Secondary air induced flow structures and their interplay with the temperature field in fixed bed combustors

Author Identifier

Awais Junejo

https://orcid.org/0000-0002-5395-2756

Yasir M. Al-Abdeli

https://orcid.org/0000-0001-5672-9448

Document Type

Journal Article

Publication Title

Proceedings of the Institution of Mechanical Engineers, Part A: Journal of Power and Energy

Publisher

Sage

School

School of Engineering

Funders

Ministerio de Ciencia, Innovación y Universidades

Comments

Junejo, A., Chapela, S., Porteiro, J., & Al-Abdeli, Y. M. (2024). Secondary air induced flow structures and their interplay with the temperature field in fixed bed combustors. Proceedings of the Institution of Mechanical Engineers. Journal of Power and Energy, 238(8). https://doi.org/10.1177/09576509241275778

Abstract

Air staging in solid fuel combustion features widely in small scale domestic boilers to large scale moving grate combustors. Whilst the effects of air staging on the combustion characteristics of these systems are generally known, there is very little insight available into the role of secondary air on the flow and temperature field in the freeboard of batch-type fixed bed biomass combustors. Three-dimensional gas phase simulations using the Transition kkl-ω and Finite Rate/Eddy Dissipation models were validated against freeboard temperatures and emissions (CO2 and O2) measured on the same set-up.
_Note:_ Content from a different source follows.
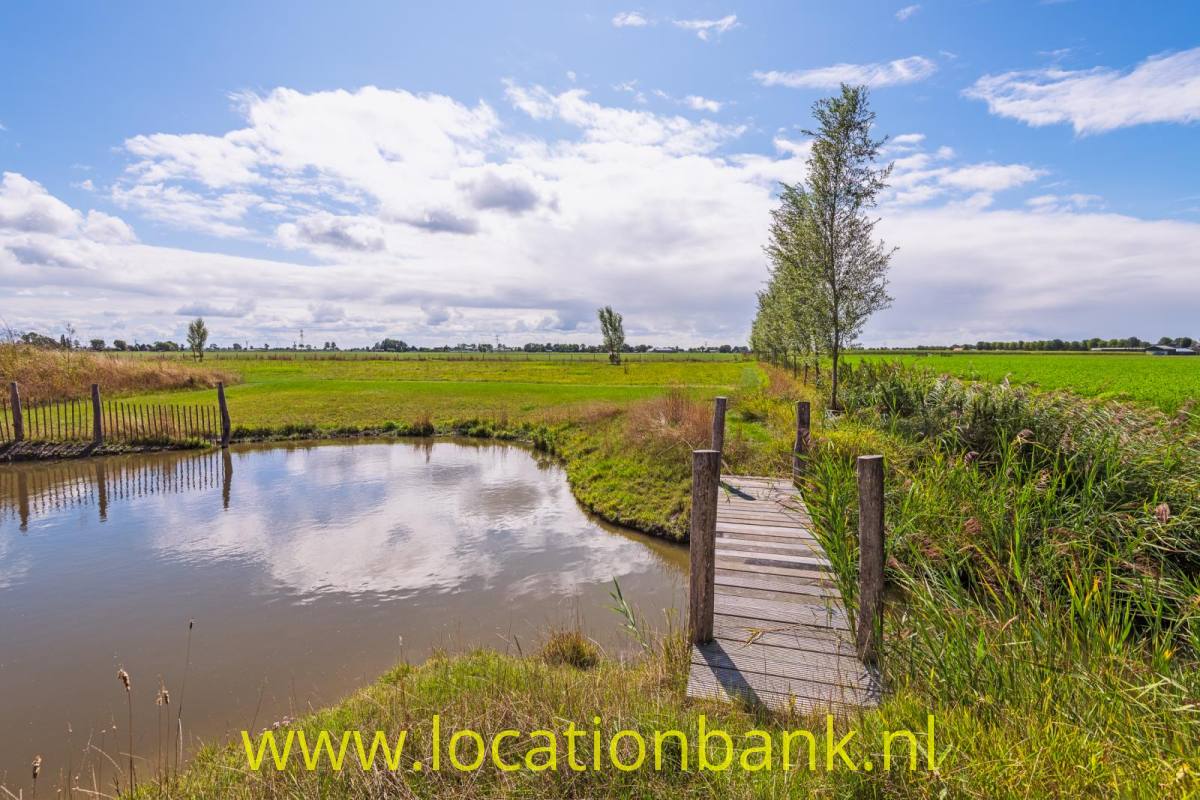Eine hölzerne Fußgängerbrücke führt über einen Wassergraben, umgeben von grünen Feldern, Schilf und einem Baum unter bewölktem Himmel.
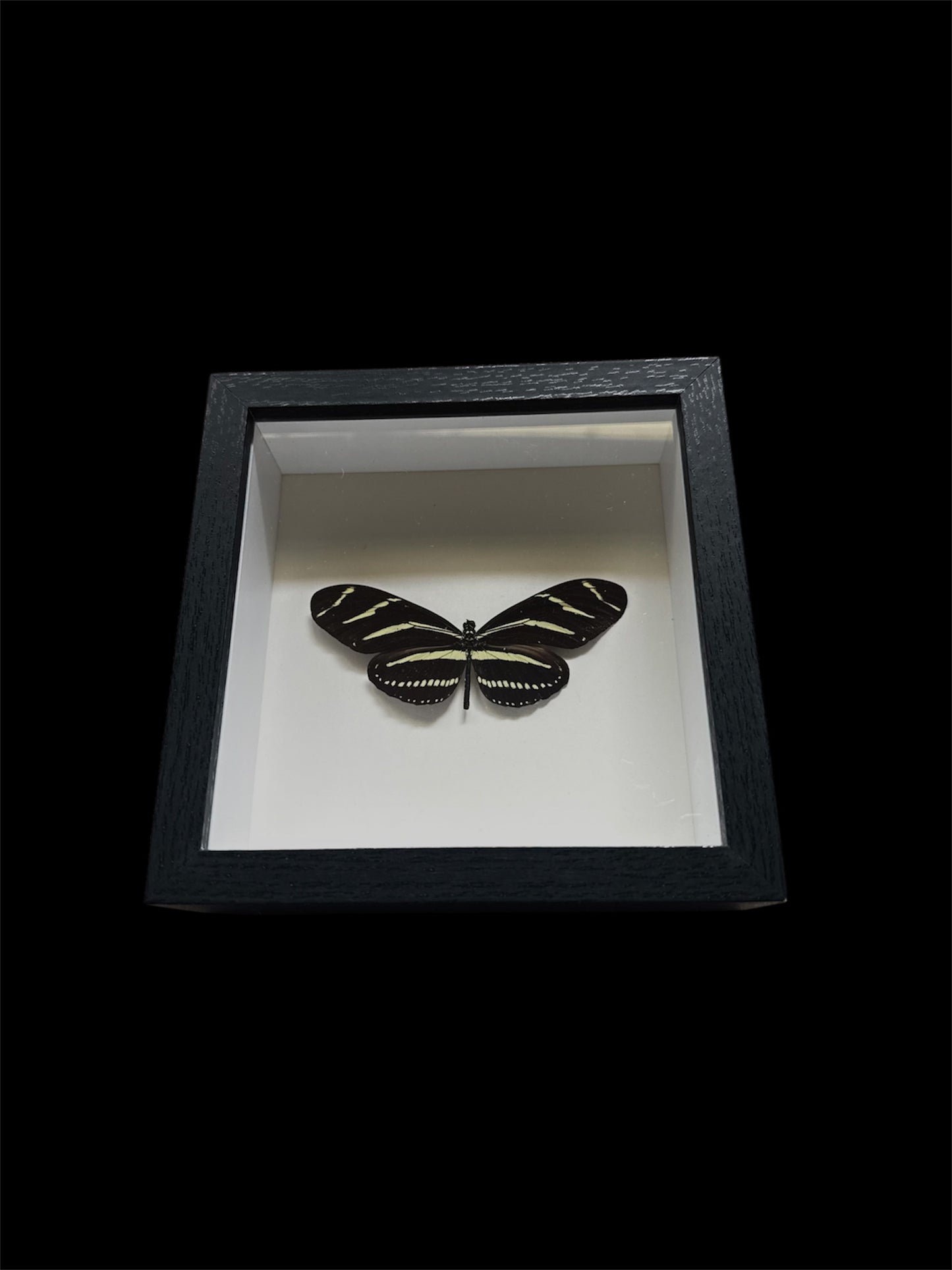 Zebra striped longwing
Results show that secondary air at Qs/Qt ≥0.25 induces two recirculation zones, upstream and downstream of its injection point with maximum freeboard temperatures generally observed around these recirculation zones, if Qs/Qt drops to 0.12-0.18 only an upstream recirculation zone is observed until it diminishes by Qs/Qt = 0.06. However, there is a trade-off caused by what appears to be a cooling effect if Qs/Qt is increased between 0.25 and 0.71. Modelling results show that in reacting cases, unlike non-reacting modelling on the same geometry, the strength of the secondary air induced upstream recirculation zone appears significantly stronger.